YOUR GOAL
Once the line containing "Android 15 CarPlay" has been copied, stop; copy every line before it exactly, beginning with the first line of the material below.

"""

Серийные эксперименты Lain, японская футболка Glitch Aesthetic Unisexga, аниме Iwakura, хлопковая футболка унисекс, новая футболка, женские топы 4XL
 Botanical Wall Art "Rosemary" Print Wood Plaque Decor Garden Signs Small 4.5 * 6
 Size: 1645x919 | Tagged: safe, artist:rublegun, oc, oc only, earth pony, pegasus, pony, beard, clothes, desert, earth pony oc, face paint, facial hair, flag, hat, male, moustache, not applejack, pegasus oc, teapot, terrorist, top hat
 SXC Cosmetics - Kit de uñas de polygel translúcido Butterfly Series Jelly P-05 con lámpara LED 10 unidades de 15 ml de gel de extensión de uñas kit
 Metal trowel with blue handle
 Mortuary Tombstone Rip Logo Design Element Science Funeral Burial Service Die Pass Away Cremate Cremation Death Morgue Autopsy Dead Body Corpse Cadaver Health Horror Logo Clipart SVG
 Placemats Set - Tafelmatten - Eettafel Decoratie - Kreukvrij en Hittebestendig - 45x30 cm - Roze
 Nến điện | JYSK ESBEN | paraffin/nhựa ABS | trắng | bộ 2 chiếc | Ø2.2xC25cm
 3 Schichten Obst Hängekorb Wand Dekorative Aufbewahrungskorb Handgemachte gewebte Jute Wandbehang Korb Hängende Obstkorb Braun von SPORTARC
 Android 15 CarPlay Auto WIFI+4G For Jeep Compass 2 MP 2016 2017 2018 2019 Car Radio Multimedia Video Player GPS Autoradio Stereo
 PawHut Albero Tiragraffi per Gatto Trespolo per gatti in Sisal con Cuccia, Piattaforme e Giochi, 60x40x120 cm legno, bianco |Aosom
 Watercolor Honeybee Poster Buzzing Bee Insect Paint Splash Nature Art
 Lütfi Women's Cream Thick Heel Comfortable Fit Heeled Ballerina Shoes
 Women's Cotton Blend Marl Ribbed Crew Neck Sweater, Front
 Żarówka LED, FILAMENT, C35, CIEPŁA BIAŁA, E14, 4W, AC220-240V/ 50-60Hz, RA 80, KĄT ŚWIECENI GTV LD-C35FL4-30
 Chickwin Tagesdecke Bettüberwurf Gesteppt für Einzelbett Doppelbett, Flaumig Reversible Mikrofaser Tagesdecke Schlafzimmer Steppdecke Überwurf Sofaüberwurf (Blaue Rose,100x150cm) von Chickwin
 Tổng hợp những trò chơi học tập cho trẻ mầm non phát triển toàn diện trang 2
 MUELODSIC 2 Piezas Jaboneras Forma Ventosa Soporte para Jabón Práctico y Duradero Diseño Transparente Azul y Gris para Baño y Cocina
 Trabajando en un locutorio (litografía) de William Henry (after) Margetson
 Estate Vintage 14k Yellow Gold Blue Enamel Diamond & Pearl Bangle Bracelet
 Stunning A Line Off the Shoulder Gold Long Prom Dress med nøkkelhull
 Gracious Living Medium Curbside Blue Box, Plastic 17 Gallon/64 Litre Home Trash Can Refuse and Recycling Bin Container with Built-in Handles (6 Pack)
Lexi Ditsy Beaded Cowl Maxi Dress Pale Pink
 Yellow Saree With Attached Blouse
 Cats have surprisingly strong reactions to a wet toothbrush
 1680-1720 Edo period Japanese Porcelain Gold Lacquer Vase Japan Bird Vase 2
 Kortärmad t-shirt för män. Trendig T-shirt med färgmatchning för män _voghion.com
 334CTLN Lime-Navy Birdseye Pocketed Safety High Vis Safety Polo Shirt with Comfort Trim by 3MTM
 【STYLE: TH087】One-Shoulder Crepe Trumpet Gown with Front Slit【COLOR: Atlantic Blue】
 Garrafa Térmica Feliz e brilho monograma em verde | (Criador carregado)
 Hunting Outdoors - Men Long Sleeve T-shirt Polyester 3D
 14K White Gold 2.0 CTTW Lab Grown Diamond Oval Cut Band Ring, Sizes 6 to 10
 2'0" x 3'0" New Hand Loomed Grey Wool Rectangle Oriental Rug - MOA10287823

"""

WRITTEN RESPONSE
Серийные эксперименты Lain, японская футболка Glitch Aesthetic Unisexga, аниме Iwakura, хлопковая футболка унисекс, новая футболка, женские топы 4XL
 Botanical Wall Art "Rosemary" Print Wood Plaque Decor Garden Signs Small 4.5 * 6
 Size: 1645x919 | Tagged: safe, artist:rublegun, oc, oc only, earth pony, pegasus, pony, beard, clothes, desert, earth pony oc, face paint, facial hair, flag, hat, male, moustache, not applejack, pegasus oc, teapot, terrorist, top hat
 SXC Cosmetics - Kit de uñas de polygel translúcido Butterfly Series Jelly P-05 con lámpara LED 10 unidades de 15 ml de gel de extensión de uñas kit
 Metal trowel with blue handle
 Mortuary Tombstone Rip Logo Design Element Science Funeral Burial Service Die Pass Away Cremate Cremation Death Morgue Autopsy Dead Body Corpse Cadaver Health Horror Logo Clipart SVG
 Placemats Set - Tafelmatten - Eettafel Decoratie - Kreukvrij en Hittebestendig - 45x30 cm - Roze
 Nến điện | JYSK ESBEN | paraffin/nhựa ABS | trắng | bộ 2 chiếc | Ø2.2xC25cm
 3 Schichten Obst Hängekorb Wand Dekorative Aufbewahrungskorb Handgemachte gewebte Jute Wandbehang Korb Hängende Obstkorb Braun von SPORTARC
 Android 15 CarPlay Auto WIFI+4G For Jeep Compass 2 MP 2016 2017 2018 2019 Car Radio Multimedia Video Player GPS Autoradio Stereo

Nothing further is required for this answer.